Isometric operators- spectrum preserving?

[muppet]

Hi all,
I'm working on Taylor's text on scattering (a reference from Peskin and Schroeder). They define the Moller operators \Omega which are isometric, satisfying
\Omega^{\dagger}\Omega=1
This is not necessarily the same as unitary in an infinite dimensional space, the difference being that an infinite dimensional space can be mapped isometrically onto a proper subset of itself, so that state vectors exist for which \Omega^{-1} is undefined. On states in the range of \Omega
\Omega^{\dagger}=\Omega^{-1};
for states outside of this range, \Omega^{\dagger}=0.

They show that
\Omega^{\dagger}H\Omega=H_0
where H is an interacting hamiltonian and H_0 its kinetic term. They argue that if Omega were unitary then H and H_0 would have to have the same spectra; only in the case where H has no bound states is Omega unitary, and the spectra coincide.

My question is: is it true that the spectrum of H_0 coincides with the energies of the non-bound states of H? This assumption is usually made in other treatments of scattering I've seen, and it seems a reasonable conclusion, but it's striking that the author belabours the non-unitarity of Omega rather than explains the reasoning behind what's taken as a given in other accounts, and the book is very careful to point out that other plausible statements can be wrong (for example, the Moller operators are non-unitary even though they are defined as the limit of a product of unitary operators, and the calculus of limits theorem doesn't hold for operators apparently, which is also something I'd like to understand better).

Thanks in advance.

 

[Bill_K]

is it true that the spectrum of H_0 coincides with the energies of the non-bound states of H?

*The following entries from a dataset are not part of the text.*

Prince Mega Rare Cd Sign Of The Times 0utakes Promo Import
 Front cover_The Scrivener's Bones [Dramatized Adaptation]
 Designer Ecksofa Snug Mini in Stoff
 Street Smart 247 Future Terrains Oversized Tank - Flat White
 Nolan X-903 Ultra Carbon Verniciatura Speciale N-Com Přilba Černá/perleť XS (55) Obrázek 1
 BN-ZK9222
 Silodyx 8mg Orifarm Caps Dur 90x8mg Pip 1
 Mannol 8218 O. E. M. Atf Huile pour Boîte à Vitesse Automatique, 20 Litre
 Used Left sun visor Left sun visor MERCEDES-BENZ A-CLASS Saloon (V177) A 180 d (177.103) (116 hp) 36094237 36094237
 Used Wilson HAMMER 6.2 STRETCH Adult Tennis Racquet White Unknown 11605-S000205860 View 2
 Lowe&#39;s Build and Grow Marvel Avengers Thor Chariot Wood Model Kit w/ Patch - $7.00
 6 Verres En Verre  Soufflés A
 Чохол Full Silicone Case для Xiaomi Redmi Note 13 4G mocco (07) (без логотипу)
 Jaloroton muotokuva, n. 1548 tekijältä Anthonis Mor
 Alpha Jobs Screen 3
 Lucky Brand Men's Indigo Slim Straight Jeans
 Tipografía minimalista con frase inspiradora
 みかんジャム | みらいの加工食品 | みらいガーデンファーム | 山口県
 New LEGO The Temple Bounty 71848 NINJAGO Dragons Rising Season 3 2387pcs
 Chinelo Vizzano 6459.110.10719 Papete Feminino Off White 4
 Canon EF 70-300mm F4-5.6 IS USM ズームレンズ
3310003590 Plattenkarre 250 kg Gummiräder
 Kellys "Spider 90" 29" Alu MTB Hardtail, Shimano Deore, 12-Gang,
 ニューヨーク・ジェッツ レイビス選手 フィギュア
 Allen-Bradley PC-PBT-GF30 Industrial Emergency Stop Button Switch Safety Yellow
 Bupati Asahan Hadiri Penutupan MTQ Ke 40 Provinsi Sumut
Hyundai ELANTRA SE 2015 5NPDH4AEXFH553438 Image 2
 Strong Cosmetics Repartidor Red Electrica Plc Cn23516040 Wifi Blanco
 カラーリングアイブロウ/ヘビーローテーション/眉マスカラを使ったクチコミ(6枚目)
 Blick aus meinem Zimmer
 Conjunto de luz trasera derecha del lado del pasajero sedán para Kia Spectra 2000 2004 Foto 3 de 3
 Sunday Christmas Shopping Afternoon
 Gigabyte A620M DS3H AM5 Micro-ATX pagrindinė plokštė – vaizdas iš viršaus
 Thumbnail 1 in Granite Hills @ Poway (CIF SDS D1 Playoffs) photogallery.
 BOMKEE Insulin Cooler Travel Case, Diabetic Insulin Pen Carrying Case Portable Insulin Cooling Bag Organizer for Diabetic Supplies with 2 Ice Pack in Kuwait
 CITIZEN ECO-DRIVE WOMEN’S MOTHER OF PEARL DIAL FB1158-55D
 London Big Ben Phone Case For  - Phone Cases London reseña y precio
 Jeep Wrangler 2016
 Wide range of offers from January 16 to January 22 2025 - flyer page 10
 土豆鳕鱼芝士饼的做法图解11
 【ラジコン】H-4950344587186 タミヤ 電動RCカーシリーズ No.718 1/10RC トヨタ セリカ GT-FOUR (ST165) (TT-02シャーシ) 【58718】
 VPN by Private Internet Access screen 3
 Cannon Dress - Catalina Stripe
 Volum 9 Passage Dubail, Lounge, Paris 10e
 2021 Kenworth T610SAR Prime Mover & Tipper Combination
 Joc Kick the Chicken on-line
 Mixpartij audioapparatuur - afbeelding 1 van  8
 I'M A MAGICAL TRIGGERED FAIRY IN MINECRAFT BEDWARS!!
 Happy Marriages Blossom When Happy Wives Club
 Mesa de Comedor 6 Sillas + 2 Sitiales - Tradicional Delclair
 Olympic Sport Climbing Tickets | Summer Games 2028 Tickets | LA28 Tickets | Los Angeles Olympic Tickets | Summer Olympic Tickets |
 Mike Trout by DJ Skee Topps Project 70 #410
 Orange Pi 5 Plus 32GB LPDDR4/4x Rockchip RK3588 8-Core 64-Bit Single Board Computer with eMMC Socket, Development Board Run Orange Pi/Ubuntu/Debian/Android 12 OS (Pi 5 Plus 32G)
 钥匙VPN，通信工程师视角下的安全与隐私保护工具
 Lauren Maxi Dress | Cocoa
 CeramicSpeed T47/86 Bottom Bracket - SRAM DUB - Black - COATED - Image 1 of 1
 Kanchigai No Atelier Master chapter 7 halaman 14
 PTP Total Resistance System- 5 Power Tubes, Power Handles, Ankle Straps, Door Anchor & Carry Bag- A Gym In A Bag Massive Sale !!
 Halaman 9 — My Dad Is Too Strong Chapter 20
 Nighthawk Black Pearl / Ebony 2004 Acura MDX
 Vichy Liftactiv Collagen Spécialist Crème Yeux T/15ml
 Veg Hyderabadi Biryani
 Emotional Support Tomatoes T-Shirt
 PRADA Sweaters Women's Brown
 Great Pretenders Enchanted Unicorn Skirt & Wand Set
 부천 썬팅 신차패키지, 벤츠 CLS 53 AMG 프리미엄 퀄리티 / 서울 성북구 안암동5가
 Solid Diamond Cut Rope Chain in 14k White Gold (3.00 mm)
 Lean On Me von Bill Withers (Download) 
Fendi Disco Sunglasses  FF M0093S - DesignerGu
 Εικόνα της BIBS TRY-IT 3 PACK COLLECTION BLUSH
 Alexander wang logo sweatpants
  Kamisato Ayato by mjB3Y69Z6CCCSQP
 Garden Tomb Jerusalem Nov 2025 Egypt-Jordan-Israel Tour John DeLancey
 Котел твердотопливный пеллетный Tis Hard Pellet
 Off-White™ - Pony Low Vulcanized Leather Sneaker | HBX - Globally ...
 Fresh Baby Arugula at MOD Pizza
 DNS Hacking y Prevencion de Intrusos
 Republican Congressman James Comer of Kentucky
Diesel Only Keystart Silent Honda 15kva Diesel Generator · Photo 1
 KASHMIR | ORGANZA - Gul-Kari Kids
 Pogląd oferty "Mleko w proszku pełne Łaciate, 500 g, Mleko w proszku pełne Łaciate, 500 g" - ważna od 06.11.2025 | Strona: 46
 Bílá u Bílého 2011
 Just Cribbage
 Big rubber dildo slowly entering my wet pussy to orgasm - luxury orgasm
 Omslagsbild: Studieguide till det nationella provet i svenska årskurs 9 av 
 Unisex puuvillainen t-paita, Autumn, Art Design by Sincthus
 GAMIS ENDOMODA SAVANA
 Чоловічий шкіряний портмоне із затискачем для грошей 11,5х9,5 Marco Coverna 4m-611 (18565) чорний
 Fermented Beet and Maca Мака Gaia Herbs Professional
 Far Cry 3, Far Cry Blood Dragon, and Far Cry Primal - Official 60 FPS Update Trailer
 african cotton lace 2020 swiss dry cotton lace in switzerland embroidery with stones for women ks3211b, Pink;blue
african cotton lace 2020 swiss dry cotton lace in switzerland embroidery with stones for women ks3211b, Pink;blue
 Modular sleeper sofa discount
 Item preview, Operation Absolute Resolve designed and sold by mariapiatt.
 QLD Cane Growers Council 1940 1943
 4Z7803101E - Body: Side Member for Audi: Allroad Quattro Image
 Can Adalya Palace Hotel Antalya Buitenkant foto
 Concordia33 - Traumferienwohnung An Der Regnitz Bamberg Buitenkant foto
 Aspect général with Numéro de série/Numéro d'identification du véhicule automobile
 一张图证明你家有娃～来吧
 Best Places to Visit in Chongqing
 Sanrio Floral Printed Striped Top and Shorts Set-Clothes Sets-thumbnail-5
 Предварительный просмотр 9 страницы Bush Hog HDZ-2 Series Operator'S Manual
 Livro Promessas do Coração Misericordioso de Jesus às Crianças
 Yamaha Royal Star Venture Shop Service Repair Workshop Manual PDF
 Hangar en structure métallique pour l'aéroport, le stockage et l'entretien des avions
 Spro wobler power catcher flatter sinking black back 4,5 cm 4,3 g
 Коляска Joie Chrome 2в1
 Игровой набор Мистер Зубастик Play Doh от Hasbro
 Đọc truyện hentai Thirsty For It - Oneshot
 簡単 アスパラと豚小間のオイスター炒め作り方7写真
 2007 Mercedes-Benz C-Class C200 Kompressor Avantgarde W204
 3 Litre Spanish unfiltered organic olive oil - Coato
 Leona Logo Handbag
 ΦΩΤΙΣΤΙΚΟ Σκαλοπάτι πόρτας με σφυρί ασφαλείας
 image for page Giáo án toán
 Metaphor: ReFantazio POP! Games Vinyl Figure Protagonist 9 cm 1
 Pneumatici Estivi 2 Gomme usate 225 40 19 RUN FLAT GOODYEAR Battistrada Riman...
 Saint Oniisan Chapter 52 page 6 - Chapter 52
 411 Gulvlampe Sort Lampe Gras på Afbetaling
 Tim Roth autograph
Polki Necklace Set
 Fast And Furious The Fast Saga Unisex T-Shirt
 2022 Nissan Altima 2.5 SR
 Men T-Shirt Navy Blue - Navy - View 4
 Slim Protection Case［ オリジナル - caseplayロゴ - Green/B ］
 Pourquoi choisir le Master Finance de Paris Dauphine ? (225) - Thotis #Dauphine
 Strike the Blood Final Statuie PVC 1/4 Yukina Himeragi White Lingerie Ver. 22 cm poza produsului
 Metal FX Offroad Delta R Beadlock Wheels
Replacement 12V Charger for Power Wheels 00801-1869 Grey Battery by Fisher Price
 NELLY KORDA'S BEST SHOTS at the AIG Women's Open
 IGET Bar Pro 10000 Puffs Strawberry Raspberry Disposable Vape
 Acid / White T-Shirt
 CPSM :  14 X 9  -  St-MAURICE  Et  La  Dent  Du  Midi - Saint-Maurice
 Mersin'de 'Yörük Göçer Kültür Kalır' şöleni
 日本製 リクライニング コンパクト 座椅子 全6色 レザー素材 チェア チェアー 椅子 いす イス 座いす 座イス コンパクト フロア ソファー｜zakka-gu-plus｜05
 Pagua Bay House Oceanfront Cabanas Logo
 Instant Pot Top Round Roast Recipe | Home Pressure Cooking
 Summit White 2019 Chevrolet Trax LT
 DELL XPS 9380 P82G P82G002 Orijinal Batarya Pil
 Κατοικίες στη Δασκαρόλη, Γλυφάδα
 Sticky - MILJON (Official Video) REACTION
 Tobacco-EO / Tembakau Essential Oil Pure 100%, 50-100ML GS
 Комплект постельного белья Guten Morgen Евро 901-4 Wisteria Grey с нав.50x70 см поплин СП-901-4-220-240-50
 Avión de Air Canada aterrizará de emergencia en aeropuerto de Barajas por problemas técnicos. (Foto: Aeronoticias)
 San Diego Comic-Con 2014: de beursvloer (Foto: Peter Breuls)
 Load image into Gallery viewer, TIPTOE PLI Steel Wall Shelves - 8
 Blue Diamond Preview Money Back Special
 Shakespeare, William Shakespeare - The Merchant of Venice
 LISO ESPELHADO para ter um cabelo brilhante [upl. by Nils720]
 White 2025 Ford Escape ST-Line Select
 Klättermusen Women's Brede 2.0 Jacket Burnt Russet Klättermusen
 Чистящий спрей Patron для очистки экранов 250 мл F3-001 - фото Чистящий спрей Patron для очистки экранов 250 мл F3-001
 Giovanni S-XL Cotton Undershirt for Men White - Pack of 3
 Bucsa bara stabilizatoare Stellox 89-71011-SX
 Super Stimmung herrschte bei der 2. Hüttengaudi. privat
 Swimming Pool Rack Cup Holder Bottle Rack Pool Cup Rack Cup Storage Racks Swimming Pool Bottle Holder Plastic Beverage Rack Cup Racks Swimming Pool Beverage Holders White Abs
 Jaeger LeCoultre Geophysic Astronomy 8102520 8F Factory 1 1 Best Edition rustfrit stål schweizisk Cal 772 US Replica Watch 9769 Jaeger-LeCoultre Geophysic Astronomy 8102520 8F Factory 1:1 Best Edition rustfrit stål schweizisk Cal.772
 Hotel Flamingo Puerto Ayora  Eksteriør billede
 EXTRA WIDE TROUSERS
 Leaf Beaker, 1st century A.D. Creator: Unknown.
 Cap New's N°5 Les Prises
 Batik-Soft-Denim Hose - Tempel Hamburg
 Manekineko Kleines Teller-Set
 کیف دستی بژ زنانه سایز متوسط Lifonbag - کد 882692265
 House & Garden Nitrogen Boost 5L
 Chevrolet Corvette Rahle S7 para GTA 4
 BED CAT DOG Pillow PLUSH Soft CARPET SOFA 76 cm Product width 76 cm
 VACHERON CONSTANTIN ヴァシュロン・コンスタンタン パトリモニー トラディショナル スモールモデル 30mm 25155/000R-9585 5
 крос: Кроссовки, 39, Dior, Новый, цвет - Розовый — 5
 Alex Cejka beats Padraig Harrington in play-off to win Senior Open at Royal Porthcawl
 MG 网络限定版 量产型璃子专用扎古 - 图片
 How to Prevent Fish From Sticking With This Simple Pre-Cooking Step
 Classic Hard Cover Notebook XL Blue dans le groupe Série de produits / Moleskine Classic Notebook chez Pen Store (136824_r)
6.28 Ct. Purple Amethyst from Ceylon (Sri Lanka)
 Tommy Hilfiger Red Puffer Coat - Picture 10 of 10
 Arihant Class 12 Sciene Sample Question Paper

I think you're right that this is a reasonable assumption but definitely an assumption. For example in a field theory in which the mass renormalization is finite, the space of continuum states of H and H₀ would be different.

 

[muppet]

Thanks for your reply.
I think it may actually be possible to demonstrate the partial equivalence of the spectra,
Let
H|\psi\rangle =E|\psi\rangle
and
\Omega|\phi\rangle=|\psi\rangle
Then
H|\psi\rangle=H\Omega|\phi\rangle=E\Omega|\phi \rangle
Acting on the left with \Omega^{\dagger} we then have
\Omega^{\dagger} H \Omega|\phi\rangle =H_0|\phi\rangle=E\Omega^{\dagger}\Omega|\phi \rangle =E|\phi\rangle
Therefore
H_0|\phi\rangle =E|\phi\rangle
i.e. the image of an eigenstate of the free hamiltonian under a Moller operator is an eigenstate of the full hamiltonian with the same eigenvalue.

Thinking about this setup a little more, however, it seems that taking the adjoint of
\Omega^{\dagger}H\Omega=H_0
implies that the free hamiltonian should annihilate the bound states, which seems highly suspect... any thoughts?